#### DATA RECORDS

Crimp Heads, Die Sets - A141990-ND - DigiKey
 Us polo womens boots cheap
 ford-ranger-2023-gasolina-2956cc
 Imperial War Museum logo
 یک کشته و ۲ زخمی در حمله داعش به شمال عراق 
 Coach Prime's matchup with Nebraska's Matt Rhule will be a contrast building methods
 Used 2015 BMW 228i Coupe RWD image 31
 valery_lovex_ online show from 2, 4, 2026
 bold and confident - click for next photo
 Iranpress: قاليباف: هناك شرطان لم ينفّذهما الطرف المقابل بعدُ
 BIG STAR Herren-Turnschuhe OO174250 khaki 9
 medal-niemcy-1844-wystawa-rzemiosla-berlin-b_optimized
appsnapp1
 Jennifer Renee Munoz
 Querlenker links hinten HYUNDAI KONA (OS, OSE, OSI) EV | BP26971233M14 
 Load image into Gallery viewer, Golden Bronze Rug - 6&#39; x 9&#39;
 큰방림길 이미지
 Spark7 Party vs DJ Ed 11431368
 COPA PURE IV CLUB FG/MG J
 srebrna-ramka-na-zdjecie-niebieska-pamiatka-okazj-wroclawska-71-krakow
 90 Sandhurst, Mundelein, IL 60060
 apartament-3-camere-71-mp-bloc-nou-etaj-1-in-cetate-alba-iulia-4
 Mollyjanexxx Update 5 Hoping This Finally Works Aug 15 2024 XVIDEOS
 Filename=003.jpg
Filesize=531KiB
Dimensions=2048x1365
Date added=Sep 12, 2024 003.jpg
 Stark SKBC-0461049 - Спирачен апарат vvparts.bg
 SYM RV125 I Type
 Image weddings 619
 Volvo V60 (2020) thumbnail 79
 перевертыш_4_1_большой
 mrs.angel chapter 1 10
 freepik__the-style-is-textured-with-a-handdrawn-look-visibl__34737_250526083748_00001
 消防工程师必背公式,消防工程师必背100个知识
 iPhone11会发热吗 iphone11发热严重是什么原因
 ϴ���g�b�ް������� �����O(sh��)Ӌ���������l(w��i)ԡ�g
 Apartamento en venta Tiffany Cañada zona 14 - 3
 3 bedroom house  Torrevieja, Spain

########

**WHAT YOU ARE ASKED TO DO**
Take the lines above from the one containing "90 Sandhurst, Mundelein, IL 60060" to the one containing "消防工程师必背公式,消防工程师必背100个知识" and retype them exactly, both ends included, with nothing added.

**YOUR RESPONSE**
 90 Sandhurst, Mundelein, IL 60060
 apartament-3-camere-71-mp-bloc-nou-etaj-1-in-cetate-alba-iulia-4
 Mollyjanexxx Update 5 Hoping This Finally Works Aug 15 2024 XVIDEOS
 Filename=003.jpg
Filesize=531KiB
Dimensions=2048x1365
Date added=Sep 12, 2024 003.jpg
 Stark SKBC-0461049 - Спирачен апарат vvparts.bg
 SYM RV125 I Type
 Image weddings 619
 Volvo V60 (2020) thumbnail 79
 перевертыш_4_1_большой
 mrs.angel chapter 1 10
 freepik__the-style-is-textured-with-a-handdrawn-look-visibl__34737_250526083748_00001
 消防工程师必背公式,消防工程师必背100个知识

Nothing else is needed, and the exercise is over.